**REQUIRED WORK**
From the listing below, reproduce word for word the part that opens with the line containing "pregnancy chart week" and closes with the line containing "Kyoko Iriye Selden QUOTES"; reproduce nothing else.

**SUPPLIED INFORMATION**
● ● ●

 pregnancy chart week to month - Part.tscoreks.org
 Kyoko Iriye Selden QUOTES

● ● ●

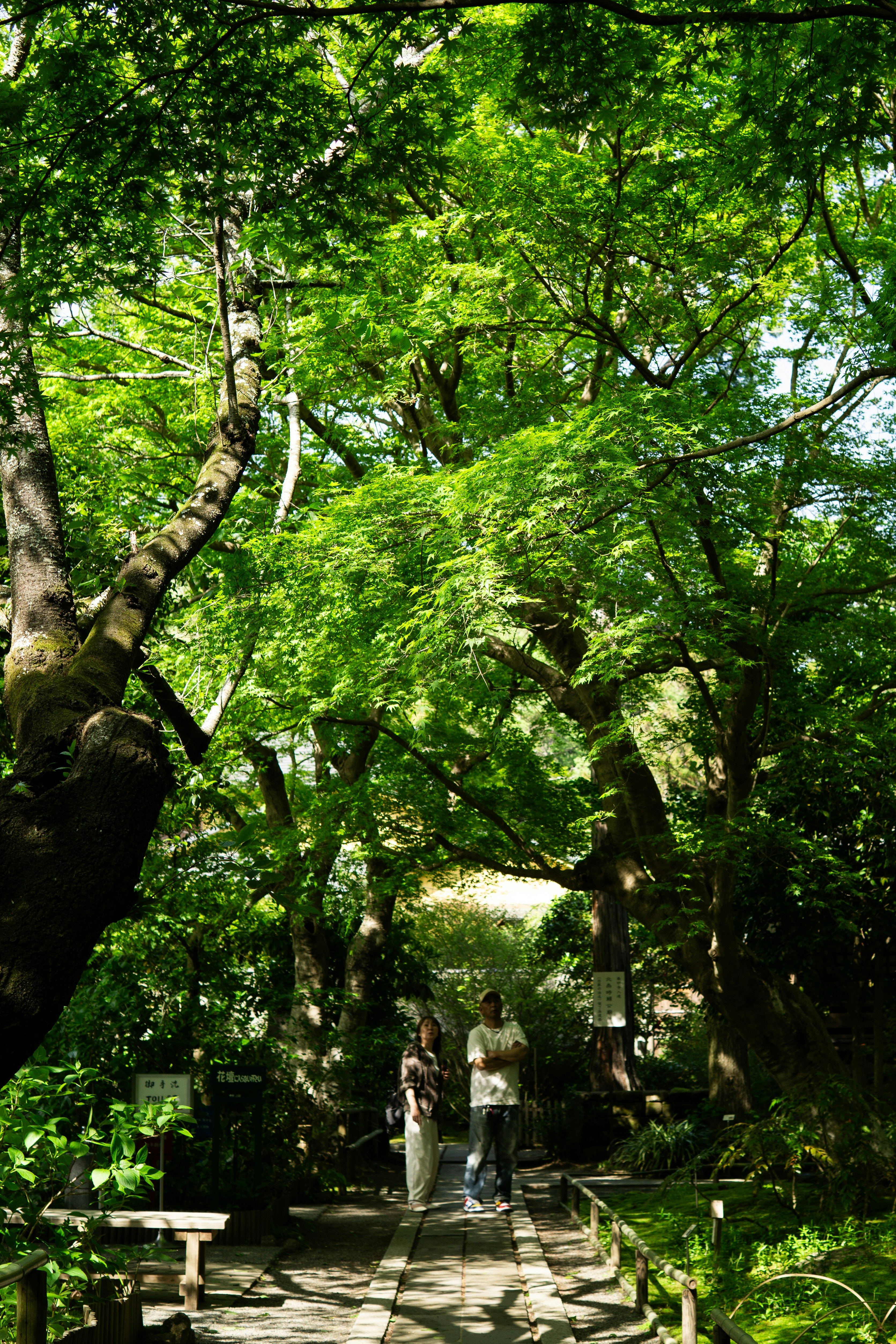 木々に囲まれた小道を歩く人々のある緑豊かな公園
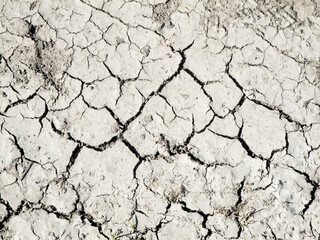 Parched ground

● ● ●

**RESULT OF THIS TASK**
 pregnancy chart week to month - Part.tscoreks.org
 Kyoko Iriye Selden QUOTES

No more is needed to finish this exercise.